その歩みは、愛そのものだった
〈評者〉吉澤慎也
「じわっと、心に沁みてきます」
「気づいたら、涙が出ていました…」
「なんだか、よくわからないけれど、元気が出ました!」
そんなふとした声が聞こえてきそうな本だと、一読して感じました。
本書は、大頭眞一先生によるマルコの福音書説教集の第三巻です。おそらく全体では四部作となるのでしょう。それらを起・承・転・結になぞらえるなら、既刊の第一巻『時が満ちて』と第二巻『わたしを誰と呼ぶか』は、マルコの福音書におけるイエスの公生涯の「起」と「承」を巧みに言い表したタイトルだと思います。

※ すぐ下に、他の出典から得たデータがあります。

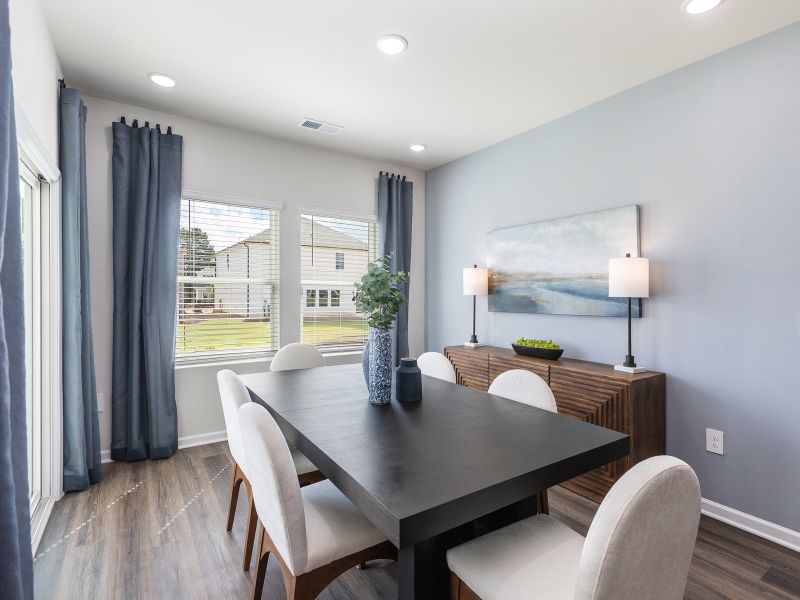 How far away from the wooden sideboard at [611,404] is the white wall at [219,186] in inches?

そして、マルコ9章1節から12章34節までの講解説教を収めた第三巻『この杯を飲め』もまた、「転」にふさわしい緊張感をまとった、まことに言い得て妙なタイトルではないでしょうか。「杯とは十字架のこと」(131頁)と解説する説教「仕えてくださるお方」には、不思議なことに、「この杯を飲め」というフレーズそのものは登場しません。それどころか、マルコの福音書自体にも直接には出てこない言葉です。しかし筆者は、この言葉こそが、第三巻に収められた聖書箇所全体に通奏低音のように流れている、神からイエスへの招きの言葉なのだと受け取りました。

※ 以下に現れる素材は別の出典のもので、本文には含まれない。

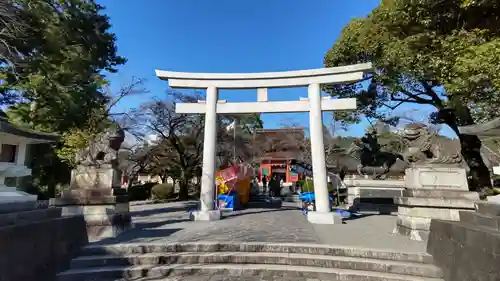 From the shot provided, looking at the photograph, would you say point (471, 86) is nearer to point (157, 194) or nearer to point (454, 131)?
point (454, 131)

実際、イエスが初めてご自身の十字架と復活について語られたのは8章31節です。そして本書が扱う箇所は、その直後から始まり、イエスが十字架にかかられるまでの最後の一週間を克明に描きつつ、そのまさに途上で幕を閉じます。なんとも続きが気になる、いちばん肝心なところで終わるのです。この箇所でマルコが描き出しているのは、杯を飲むために進んで行かれたイエスの姿です。そして、その歩みは「愛」そのものだった──これこそ、大頭先生の二十篇の説教すべてに通底する主題です。「この杯を飲め」と招く愛なる神と、その招きに応答されるイエスの愛。大頭先生は、難解な箇所や、ときに誤解されやすい箇所からも、イエスの愛を丁寧に描き出し、その愛を、実直に、ひたすらに、ときに不器用なほどまっすぐに語り抜きます。そして、その愛が私たちの心に語りかけ、刺さり、響いてきます。これらの説教が実際に礼拝で語られた時期が、ちょうど受難週やイースターと重なっていることもまた、緊張感をいっそう際立たせていると言えるでしょう。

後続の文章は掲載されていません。